Aim of the exercise.
All records are to be restated word for word, with pictures excluded.

Extracted entries.

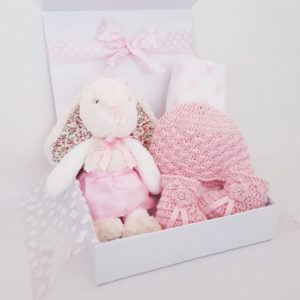 Personalised Gift Box Baby Beanie Booties Bunny Essentia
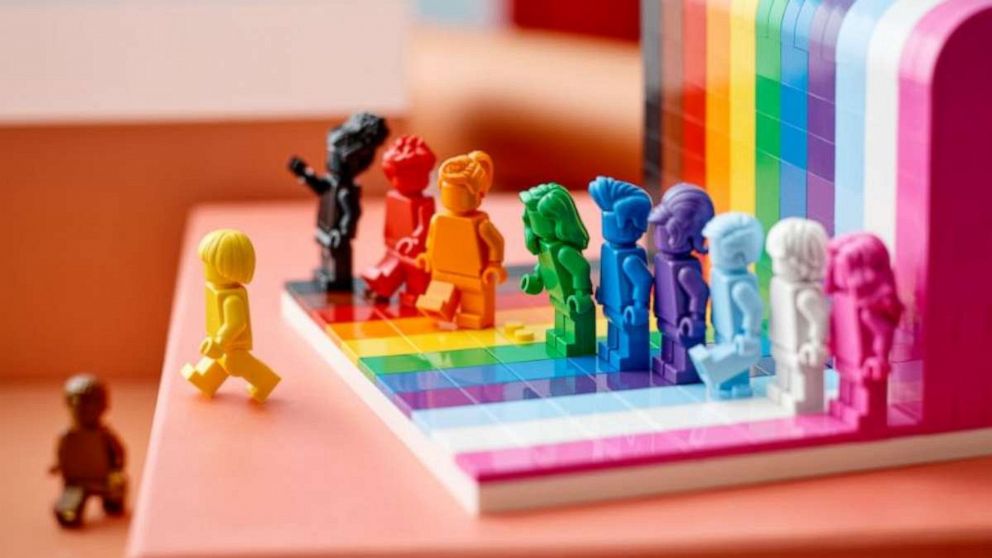 PHOTO: Lego has announced that they that they will be releasing their first LGBTQIA+ set complete with 11 monochrome figures and characters inspired by the iconic rainbow flag called “Everyone is Awesome” which is launching on June 1, 2021. 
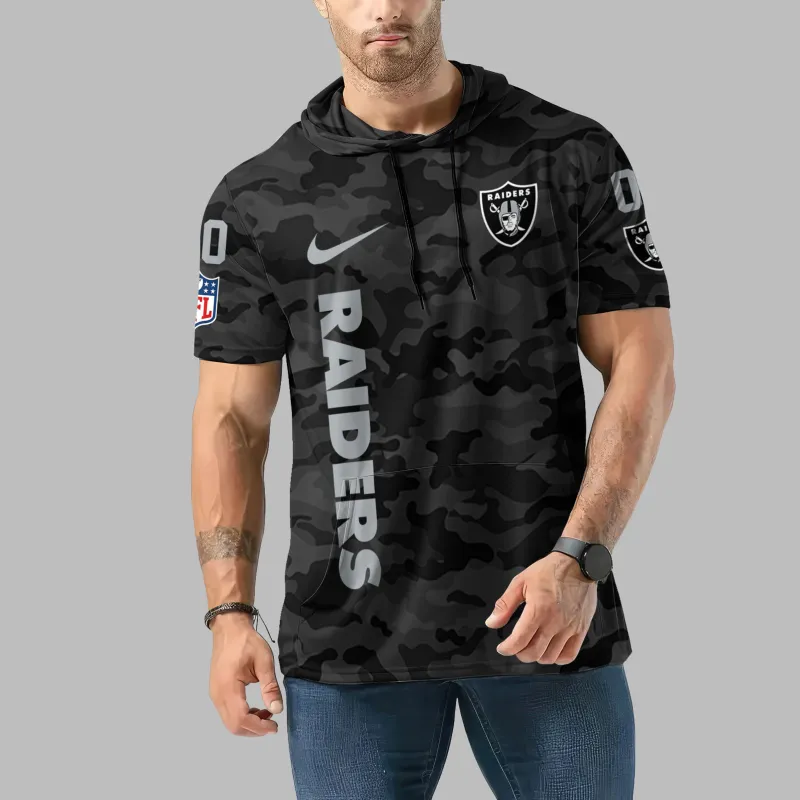 Las Vegas Raiders Personalized Camo Short Sleeve Hoodie Front View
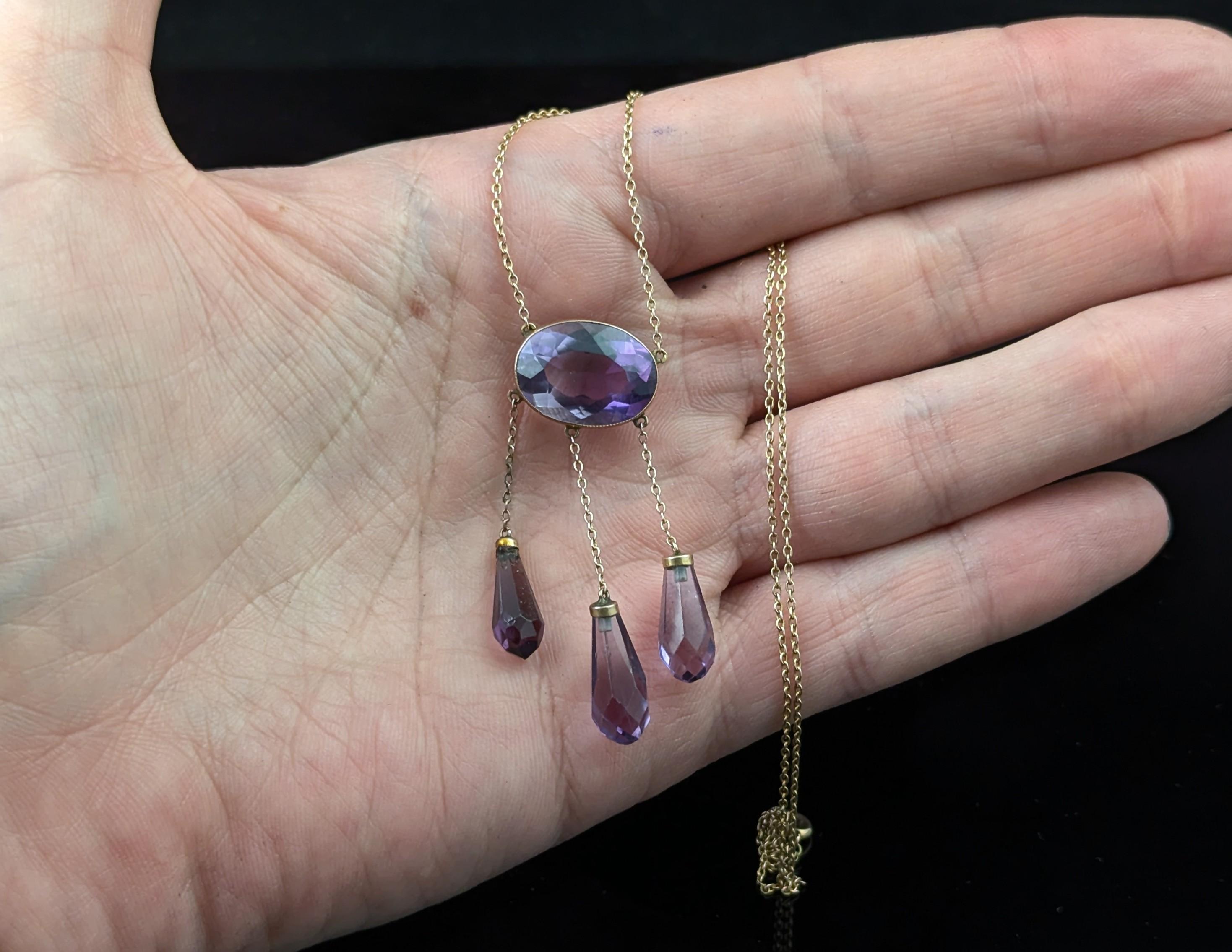 Antique Amethyst drop pendant necklace, 9k yellow gold in vendita 7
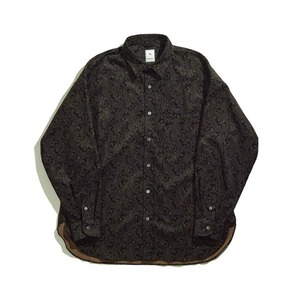 PAISLEY CORD BIG  SHIRT / ペイズリーコーデュロイBIGシャツ (BLACK)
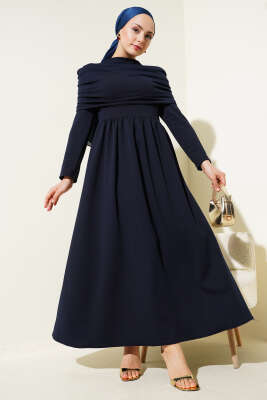 Degaje Yaka Görünümlü Elbise Lacivert - Tesettür Elbise
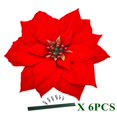 thumbnail image 4 of M2Cbridge Flores Artificiales De Navidad De Terciopelo Rojo Poinsettia Floral Picks Para Adornos De Árbol De Corona De Navidad (6 Piezas De Flor Doble Roja), 4 of 5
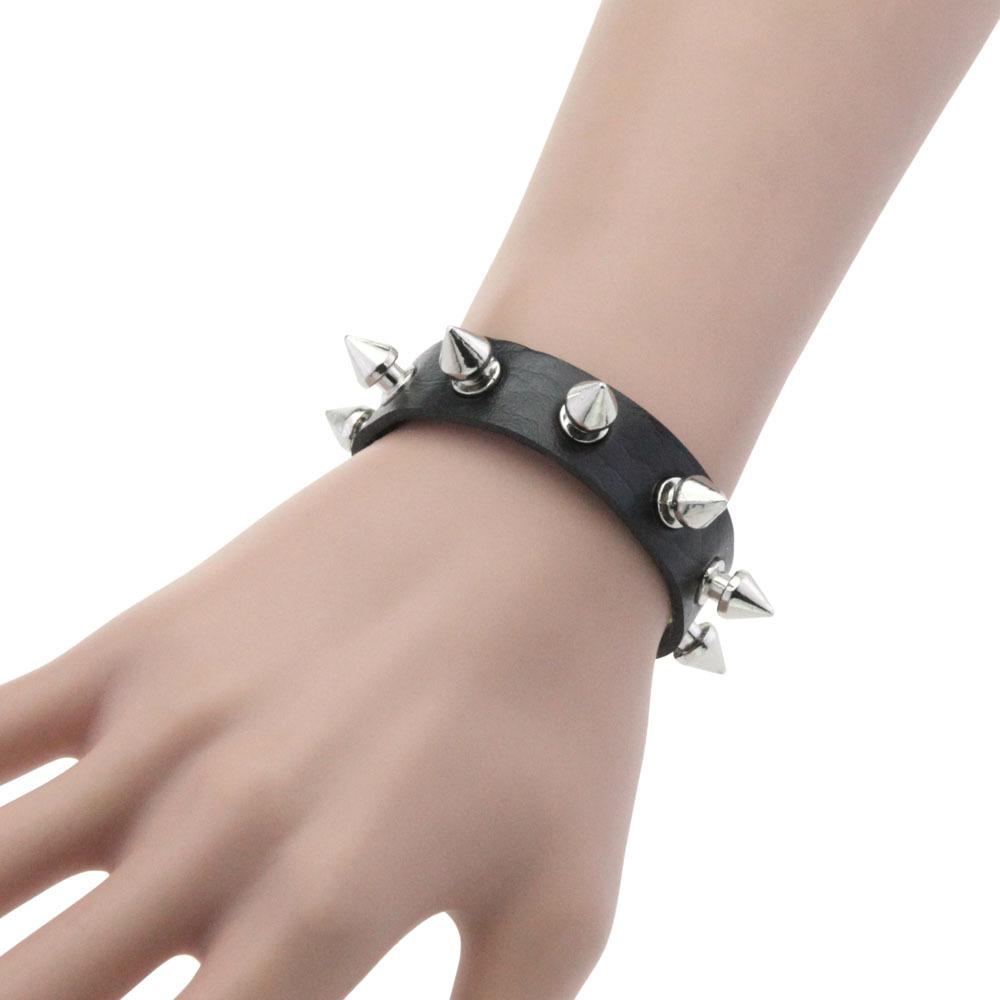Punk Spike Cone Rivet PU Leather Bracelet, Adjustable Snap Button Gothic Rock Wrist Cuff Unisex Couple Jewelry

Task output.
 Personalised Gift Box Baby Beanie Booties Bunny Essentia
 PHOTO: Lego has announced that they that they will be releasing their first LGBTQIA+ set complete with 11 monochrome figures and characters inspired by the iconic rainbow flag called “Everyone is Awesome” which is launching on June 1, 2021. 
 Las Vegas Raiders Personalized Camo Short Sleeve Hoodie Front View
 Antique Amethyst drop pendant necklace, 9k yellow gold in vendita 7
 PAISLEY CORD BIG  SHIRT / ペイズリーコーデュロイBIGシャツ (BLACK)
 Degaje Yaka Görünümlü Elbise Lacivert - Tesettür Elbise
 thumbnail image 4 of M2Cbridge Flores Artificiales De Navidad De Terciopelo Rojo Poinsettia Floral Picks Para Adornos De Árbol De Corona De Navidad (6 Piezas De Flor Doble Roja), 4 of 5
Punk Spike Cone Rivet PU Leather Bracelet, Adjustable Snap Button Gothic Rock Wrist Cuff Unisex Couple Jewelry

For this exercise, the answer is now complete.